[Data extracts]:
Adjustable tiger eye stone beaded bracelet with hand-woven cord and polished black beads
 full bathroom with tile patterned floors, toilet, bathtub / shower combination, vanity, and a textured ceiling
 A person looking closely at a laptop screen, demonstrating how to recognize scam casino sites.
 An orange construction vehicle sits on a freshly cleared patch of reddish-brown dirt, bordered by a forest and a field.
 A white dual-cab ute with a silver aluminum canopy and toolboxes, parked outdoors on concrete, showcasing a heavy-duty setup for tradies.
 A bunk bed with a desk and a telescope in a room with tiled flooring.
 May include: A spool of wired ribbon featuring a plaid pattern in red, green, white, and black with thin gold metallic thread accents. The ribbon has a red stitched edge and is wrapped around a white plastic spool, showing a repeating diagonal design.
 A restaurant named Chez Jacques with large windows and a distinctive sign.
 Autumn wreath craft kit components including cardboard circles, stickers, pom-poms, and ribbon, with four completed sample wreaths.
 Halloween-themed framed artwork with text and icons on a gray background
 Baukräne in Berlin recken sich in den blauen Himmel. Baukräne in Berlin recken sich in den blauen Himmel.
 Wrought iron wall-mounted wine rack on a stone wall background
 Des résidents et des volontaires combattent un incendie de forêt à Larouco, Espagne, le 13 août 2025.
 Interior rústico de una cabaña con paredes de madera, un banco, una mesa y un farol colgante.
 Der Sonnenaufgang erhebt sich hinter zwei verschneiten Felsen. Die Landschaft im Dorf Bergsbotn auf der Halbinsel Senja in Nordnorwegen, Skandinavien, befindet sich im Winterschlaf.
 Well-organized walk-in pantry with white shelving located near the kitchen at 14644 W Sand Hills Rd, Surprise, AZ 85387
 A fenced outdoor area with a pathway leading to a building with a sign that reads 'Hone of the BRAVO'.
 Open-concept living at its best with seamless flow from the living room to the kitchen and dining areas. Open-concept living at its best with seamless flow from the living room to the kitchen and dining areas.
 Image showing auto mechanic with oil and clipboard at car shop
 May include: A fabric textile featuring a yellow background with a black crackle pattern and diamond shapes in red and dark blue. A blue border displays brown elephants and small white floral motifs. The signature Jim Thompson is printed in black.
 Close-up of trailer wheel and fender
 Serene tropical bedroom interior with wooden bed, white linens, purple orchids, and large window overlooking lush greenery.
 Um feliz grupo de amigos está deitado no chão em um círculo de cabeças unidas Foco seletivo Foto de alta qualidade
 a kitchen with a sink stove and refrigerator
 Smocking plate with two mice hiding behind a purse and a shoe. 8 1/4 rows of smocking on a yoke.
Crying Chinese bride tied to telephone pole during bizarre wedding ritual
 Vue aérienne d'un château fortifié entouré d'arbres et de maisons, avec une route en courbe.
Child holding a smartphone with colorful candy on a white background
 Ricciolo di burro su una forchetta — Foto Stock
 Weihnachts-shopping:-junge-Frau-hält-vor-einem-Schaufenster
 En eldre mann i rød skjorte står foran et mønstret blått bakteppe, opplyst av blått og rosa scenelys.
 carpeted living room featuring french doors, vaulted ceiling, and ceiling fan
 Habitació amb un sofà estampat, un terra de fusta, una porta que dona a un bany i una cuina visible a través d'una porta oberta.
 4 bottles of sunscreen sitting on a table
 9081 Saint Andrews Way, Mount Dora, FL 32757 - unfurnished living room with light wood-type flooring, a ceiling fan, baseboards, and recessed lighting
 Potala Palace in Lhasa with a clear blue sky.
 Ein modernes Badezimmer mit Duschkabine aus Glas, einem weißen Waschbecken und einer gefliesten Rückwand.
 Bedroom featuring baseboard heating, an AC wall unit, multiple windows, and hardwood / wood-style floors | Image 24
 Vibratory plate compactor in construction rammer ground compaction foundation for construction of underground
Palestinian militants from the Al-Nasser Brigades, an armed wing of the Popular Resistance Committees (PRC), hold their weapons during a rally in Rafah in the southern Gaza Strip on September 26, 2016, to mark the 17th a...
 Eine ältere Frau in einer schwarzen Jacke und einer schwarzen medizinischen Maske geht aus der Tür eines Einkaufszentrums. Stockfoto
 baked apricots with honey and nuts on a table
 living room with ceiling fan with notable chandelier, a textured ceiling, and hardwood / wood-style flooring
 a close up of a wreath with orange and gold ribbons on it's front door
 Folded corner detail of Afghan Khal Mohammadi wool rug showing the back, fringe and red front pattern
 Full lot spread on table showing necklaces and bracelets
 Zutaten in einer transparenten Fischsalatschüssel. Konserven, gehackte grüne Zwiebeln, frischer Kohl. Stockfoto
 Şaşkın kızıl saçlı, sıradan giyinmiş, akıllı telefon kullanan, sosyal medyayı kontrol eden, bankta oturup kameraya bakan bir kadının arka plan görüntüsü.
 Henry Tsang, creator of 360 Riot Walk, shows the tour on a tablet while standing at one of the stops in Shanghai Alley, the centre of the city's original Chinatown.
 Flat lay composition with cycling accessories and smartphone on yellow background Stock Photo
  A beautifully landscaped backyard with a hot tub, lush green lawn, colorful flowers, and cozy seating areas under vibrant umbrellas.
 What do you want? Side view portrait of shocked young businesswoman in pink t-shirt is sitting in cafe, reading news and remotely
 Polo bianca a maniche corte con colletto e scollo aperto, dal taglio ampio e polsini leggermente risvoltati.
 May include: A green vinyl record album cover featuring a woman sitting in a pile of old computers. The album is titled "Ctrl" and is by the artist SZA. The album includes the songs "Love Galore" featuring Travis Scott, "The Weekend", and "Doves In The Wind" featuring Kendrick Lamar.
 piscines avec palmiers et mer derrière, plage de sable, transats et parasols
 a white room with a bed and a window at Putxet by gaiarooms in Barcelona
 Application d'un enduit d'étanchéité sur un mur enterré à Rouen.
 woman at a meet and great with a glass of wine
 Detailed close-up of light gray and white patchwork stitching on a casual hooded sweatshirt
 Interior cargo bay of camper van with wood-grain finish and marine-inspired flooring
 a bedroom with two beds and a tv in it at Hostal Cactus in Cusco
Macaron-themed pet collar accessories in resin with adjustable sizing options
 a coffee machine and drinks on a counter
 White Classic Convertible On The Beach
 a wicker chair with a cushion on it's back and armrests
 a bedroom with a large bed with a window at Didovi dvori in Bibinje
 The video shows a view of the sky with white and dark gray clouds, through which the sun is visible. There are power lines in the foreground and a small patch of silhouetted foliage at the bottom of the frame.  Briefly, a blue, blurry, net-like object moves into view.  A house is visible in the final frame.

[Task to carry out]: Beginning with the line holding "Child holding a" and ending with the line holding "Potala Palace in", write out the stretch of material above exactly; add no further lines.

[Task answer]:
Child holding a smartphone with colorful candy on a white background
 Ricciolo di burro su una forchetta — Foto Stock
 Weihnachts-shopping:-junge-Frau-hält-vor-einem-Schaufenster
 En eldre mann i rød skjorte står foran et mønstret blått bakteppe, opplyst av blått og rosa scenelys.
 carpeted living room featuring french doors, vaulted ceiling, and ceiling fan
 Habitació amb un sofà estampat, un terra de fusta, una porta que dona a un bany i una cuina visible a través d'una porta oberta.
 4 bottles of sunscreen sitting on a table
 9081 Saint Andrews Way, Mount Dora, FL 32757 - unfurnished living room with light wood-type flooring, a ceiling fan, baseboards, and recessed lighting
 Potala Palace in Lhasa with a clear blue sky.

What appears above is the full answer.